# Breeder in N. Alabama



## sobamaflyer (Jul 23, 2012)

Hoping members here could inform me of any derogatory dealings with a Sherry Cole of Arab (Huntsville) Alabama?

Thank you


----------



## Luciledodd (Sep 5, 2009)

Look up the Magnolia Havanese and see if she is a member. You can also e-mail them and ask if they have any complaints with that breeder.


----------



## sobamaflyer (Jul 23, 2012)

Thank you for the tip, google seems to dead end in broken links for the club itself although I find half a dozen breeders referencing it as members.


----------



## Luciledodd (Sep 5, 2009)

I see what you mean. It has been 2 years since I contacted them. But Susan Hines (maybe Hinz) has a website. I believe that she in located in Northern Alabama. I am sure if she doesn't have puppies that she can recommend someone.


----------



## sobamaflyer (Jul 23, 2012)

Thank you for the point in the right direction. Susan appears to be in that same area. I've just sent her an email.
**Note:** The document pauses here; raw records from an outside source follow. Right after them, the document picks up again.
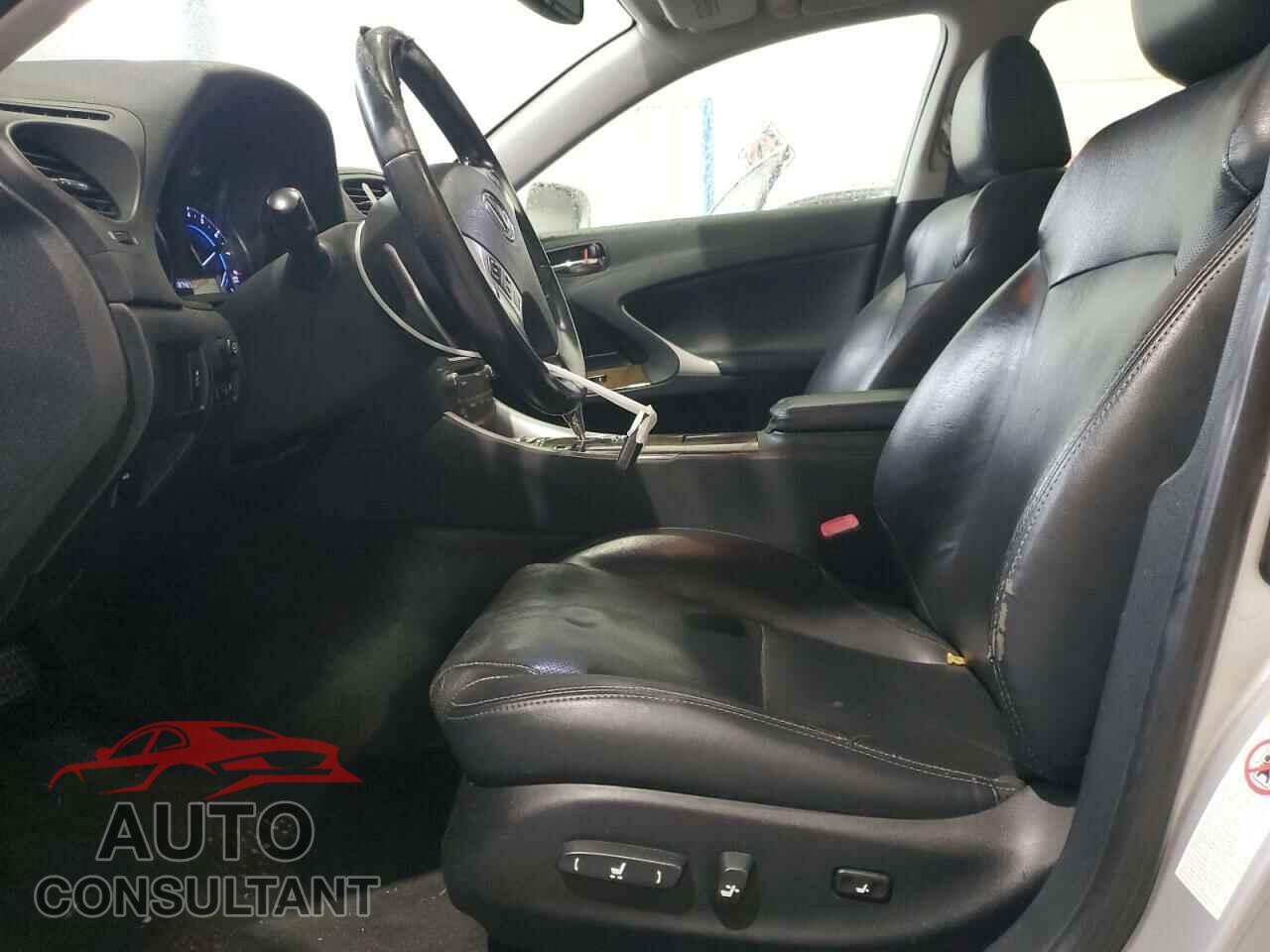 LEXUS IS 2012 - JTHCF5C29C5053856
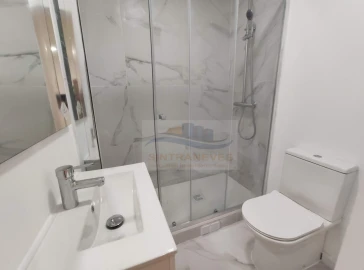 Apartamento T3 para Venda em Falagueira-Venda Nova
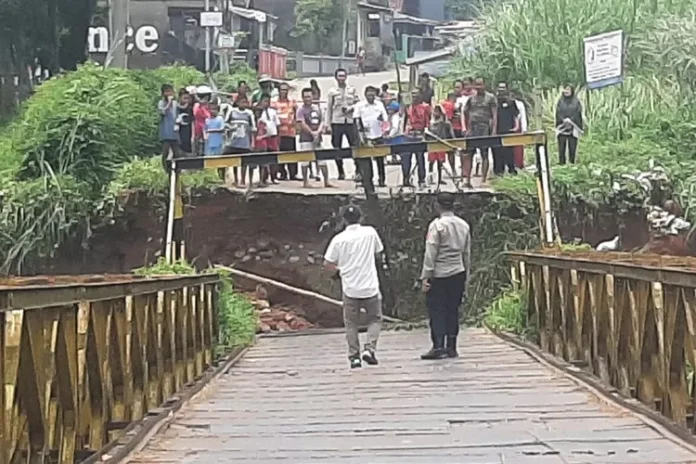 Jembatan Cihereng amblas membuat aktivitas warga terputus.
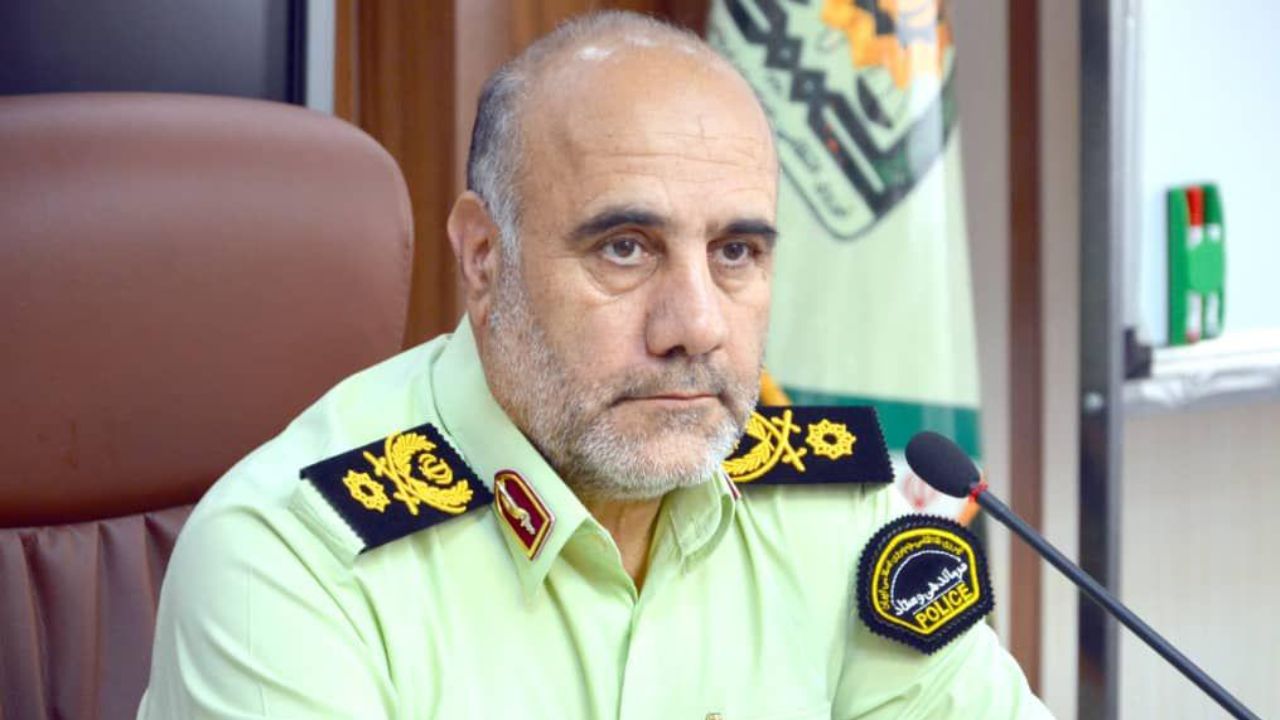 تذکر پلیس به افرادی که در ورودی مترو و اتوبوس ماسک نمی زنند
We are in S. Alabama. For the record I am not at all unhappy with Mrs. Cole to this point but just trying to make sure we do our due diligence, had a pretty bad experience with an English Bulldog breeder some years back.


----------



## tootle (Jun 19, 2007)

Our Southern Magnolia Havanese Club website is down but Sherry Cole is not a member. Susan Hines is a member and will be glad to help you find Havanese from quality breeders in that area.


----------